[Records from a data source]
# # # # # # #

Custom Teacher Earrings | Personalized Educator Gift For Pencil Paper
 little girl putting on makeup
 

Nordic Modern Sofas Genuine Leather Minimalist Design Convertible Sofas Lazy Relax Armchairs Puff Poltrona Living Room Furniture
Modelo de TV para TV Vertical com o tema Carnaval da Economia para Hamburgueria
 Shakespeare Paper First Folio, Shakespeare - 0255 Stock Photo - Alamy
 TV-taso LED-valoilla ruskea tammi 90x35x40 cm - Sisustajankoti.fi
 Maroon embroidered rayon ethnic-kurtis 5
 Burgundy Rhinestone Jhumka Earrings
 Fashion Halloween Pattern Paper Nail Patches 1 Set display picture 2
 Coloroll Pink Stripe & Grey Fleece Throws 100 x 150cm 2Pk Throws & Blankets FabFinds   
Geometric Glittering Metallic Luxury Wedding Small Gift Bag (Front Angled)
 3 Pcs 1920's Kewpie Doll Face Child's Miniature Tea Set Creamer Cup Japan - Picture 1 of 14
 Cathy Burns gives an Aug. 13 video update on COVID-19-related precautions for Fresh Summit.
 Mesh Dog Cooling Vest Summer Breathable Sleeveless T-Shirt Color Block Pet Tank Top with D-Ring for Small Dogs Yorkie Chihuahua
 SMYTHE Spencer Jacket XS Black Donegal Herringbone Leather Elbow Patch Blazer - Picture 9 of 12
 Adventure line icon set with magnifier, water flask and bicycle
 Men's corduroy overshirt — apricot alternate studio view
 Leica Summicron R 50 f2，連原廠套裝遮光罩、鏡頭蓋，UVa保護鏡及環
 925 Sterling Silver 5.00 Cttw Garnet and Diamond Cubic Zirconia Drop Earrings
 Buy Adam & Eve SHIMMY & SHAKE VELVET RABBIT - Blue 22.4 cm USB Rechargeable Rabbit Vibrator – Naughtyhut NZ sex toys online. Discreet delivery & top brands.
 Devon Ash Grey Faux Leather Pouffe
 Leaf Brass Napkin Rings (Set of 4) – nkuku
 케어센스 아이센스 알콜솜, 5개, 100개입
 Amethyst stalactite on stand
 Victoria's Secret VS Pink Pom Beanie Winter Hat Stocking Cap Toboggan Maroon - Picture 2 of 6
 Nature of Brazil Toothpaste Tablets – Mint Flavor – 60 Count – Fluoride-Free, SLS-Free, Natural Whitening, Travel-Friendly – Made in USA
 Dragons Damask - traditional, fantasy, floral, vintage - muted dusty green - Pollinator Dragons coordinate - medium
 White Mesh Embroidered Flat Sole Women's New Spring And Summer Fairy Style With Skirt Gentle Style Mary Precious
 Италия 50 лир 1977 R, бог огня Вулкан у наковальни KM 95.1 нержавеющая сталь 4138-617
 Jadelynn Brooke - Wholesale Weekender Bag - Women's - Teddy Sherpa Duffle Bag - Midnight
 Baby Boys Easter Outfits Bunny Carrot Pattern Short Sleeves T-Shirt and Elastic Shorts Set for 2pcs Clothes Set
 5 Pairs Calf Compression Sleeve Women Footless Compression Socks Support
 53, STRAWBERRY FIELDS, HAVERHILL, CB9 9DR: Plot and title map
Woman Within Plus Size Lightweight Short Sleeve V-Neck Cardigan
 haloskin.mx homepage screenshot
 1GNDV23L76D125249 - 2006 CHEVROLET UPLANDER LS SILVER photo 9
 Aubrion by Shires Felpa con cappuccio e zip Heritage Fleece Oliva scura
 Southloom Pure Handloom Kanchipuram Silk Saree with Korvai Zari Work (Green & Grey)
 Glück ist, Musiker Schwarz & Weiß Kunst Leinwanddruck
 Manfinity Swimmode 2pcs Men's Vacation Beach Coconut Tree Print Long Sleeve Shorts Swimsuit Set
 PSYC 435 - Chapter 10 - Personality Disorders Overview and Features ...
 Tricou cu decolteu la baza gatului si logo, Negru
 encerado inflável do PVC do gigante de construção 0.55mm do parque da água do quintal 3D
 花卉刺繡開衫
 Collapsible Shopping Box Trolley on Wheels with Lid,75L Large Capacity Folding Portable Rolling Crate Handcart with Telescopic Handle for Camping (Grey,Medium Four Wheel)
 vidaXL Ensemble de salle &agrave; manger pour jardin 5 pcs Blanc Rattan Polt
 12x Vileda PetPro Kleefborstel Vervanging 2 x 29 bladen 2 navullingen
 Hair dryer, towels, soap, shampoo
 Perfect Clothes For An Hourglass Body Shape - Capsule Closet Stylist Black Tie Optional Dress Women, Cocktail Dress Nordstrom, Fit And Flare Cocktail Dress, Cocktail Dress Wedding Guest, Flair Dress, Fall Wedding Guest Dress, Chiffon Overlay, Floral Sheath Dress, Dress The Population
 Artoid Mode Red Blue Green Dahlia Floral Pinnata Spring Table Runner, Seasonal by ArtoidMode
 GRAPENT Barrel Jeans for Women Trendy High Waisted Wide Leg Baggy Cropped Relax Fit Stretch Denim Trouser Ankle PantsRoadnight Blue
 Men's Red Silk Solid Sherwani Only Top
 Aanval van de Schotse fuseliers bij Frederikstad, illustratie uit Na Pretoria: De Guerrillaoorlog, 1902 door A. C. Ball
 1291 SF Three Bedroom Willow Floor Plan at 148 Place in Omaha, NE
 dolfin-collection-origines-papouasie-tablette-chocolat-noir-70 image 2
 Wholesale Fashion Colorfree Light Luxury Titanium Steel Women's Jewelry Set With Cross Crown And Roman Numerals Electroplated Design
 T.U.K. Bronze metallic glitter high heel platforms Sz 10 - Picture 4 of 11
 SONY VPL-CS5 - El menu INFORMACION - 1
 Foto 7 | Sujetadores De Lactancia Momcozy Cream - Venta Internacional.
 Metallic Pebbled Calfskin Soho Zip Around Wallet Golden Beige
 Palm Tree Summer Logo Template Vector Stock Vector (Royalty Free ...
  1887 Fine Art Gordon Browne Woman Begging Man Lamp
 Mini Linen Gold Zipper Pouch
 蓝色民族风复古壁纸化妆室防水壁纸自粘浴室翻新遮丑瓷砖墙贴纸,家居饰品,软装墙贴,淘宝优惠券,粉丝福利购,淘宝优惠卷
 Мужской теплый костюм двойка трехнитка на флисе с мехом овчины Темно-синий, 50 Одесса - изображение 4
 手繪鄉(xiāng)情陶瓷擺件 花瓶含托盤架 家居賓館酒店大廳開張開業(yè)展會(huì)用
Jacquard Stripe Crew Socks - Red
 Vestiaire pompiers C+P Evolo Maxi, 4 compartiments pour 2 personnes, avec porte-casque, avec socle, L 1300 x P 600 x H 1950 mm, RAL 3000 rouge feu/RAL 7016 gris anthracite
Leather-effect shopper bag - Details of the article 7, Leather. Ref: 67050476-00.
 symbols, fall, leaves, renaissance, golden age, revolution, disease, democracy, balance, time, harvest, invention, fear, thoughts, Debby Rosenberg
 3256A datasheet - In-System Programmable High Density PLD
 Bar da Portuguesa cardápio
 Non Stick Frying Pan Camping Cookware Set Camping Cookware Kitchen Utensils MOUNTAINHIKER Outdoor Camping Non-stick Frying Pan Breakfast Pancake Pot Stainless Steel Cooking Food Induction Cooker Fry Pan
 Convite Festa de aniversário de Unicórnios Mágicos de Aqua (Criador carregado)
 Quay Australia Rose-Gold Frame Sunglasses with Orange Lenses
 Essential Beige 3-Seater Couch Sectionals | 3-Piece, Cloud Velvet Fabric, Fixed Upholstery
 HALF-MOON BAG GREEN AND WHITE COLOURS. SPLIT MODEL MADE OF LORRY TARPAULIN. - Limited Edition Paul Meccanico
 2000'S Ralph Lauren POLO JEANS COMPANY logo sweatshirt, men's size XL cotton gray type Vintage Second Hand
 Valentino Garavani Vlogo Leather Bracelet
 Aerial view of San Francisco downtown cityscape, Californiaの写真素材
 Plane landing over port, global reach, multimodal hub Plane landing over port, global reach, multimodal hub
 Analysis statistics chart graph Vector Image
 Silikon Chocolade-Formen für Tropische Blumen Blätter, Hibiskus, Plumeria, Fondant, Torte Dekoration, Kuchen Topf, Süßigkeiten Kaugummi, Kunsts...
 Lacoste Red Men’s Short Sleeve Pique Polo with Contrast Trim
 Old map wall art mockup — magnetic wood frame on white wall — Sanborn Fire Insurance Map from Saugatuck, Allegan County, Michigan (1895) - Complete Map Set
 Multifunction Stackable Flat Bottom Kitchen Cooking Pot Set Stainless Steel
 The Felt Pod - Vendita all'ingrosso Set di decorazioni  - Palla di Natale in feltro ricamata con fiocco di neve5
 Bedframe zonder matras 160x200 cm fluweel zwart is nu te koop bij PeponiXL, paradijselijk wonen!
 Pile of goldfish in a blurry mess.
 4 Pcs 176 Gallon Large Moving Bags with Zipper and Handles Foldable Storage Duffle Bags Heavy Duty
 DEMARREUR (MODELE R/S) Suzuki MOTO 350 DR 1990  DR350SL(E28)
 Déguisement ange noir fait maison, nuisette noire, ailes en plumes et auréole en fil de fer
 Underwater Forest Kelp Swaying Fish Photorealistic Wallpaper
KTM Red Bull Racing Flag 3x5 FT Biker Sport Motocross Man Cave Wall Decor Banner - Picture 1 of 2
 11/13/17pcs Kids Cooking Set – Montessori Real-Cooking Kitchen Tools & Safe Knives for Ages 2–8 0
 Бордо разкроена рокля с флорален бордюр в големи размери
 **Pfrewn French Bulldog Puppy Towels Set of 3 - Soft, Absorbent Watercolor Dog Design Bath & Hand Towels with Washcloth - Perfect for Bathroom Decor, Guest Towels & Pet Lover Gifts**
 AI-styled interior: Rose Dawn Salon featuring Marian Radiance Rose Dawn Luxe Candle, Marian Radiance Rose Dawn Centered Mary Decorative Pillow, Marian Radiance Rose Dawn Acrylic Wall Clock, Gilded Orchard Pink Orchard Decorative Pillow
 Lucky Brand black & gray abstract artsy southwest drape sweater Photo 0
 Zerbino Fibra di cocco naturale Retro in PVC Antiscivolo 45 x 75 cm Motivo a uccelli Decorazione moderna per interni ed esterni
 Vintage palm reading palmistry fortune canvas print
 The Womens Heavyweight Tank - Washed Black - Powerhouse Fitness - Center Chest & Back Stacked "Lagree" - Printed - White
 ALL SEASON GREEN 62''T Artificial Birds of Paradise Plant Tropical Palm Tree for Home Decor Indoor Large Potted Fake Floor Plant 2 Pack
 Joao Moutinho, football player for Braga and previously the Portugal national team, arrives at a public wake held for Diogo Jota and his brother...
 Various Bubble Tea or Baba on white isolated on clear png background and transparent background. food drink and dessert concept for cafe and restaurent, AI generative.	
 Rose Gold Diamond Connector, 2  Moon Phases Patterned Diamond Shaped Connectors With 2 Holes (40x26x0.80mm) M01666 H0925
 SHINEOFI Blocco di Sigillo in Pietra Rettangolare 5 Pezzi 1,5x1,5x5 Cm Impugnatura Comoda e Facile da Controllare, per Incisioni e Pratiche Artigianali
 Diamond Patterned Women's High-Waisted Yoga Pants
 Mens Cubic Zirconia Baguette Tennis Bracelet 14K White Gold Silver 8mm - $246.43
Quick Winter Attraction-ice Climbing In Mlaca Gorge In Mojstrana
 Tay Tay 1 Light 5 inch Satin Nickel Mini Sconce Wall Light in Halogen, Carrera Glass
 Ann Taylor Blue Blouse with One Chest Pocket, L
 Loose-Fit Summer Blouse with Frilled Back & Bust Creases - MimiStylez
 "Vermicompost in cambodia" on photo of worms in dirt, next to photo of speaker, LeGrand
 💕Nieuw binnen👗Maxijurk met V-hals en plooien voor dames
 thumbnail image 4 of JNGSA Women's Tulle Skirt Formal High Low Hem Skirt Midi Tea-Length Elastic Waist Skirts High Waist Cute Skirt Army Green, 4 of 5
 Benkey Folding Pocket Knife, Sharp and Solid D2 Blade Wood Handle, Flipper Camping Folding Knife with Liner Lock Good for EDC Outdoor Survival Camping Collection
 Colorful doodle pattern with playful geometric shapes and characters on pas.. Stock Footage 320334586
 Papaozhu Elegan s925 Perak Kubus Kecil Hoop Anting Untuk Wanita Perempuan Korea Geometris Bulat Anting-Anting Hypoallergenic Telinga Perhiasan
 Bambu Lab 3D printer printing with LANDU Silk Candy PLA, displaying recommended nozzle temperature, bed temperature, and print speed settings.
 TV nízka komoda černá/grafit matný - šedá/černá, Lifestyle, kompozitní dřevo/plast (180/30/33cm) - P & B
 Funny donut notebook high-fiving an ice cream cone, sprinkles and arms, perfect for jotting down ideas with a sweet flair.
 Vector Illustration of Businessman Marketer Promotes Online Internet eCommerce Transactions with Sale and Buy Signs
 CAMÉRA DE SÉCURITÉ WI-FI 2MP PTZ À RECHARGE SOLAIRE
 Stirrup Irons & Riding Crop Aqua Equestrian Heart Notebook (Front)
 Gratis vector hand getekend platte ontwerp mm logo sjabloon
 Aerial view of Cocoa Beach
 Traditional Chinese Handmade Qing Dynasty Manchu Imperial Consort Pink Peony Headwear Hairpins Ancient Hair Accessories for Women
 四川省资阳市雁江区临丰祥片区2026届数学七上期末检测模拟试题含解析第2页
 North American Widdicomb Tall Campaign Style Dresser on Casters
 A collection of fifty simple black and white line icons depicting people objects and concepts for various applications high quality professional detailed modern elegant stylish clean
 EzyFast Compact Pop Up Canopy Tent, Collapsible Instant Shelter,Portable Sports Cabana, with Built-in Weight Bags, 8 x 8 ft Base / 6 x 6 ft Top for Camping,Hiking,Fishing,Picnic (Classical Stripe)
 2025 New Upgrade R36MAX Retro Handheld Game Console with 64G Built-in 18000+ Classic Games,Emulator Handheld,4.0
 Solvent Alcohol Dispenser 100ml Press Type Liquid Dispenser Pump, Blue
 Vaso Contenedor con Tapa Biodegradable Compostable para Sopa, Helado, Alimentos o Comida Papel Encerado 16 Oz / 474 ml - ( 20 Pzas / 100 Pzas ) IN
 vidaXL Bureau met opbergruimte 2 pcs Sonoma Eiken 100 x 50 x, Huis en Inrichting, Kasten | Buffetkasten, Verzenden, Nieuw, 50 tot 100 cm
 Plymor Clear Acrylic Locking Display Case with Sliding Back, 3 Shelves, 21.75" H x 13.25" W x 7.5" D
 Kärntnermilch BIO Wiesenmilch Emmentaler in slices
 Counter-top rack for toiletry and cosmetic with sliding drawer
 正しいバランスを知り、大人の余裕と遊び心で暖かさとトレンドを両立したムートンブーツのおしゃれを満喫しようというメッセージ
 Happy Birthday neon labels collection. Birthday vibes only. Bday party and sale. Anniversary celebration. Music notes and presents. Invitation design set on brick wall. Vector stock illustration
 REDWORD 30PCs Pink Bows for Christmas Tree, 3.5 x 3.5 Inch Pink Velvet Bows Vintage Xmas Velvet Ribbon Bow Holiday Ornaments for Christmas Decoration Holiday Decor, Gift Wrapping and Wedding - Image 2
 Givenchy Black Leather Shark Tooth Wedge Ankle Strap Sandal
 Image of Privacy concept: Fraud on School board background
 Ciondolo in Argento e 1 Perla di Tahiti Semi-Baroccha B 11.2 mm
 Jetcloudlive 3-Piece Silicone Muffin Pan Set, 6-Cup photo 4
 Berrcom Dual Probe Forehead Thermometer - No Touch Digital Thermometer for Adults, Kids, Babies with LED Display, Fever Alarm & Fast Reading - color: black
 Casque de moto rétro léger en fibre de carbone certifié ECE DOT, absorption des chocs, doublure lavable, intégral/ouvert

# # # # # # #

Activity: Only one stretch of the records above is wanted: the lines between the one holding "plooien voor dames" and the one holding "TV nízka komoda", inclusive, reproduced exactly.

Response to the exercise:
 💕Nieuw binnen👗Maxijurk met V-hals en plooien voor dames
 thumbnail image 4 of JNGSA Women's Tulle Skirt Formal High Low Hem Skirt Midi Tea-Length Elastic Waist Skirts High Waist Cute Skirt Army Green, 4 of 5
 Benkey Folding Pocket Knife, Sharp and Solid D2 Blade Wood Handle, Flipper Camping Folding Knife with Liner Lock Good for EDC Outdoor Survival Camping Collection
 Colorful doodle pattern with playful geometric shapes and characters on pas.. Stock Footage 320334586
 Papaozhu Elegan s925 Perak Kubus Kecil Hoop Anting Untuk Wanita Perempuan Korea Geometris Bulat Anting-Anting Hypoallergenic Telinga Perhiasan
 Bambu Lab 3D printer printing with LANDU Silk Candy PLA, displaying recommended nozzle temperature, bed temperature, and print speed settings.
 TV nízka komoda černá/grafit matný - šedá/černá, Lifestyle, kompozitní dřevo/plast (180/30/33cm) - P & B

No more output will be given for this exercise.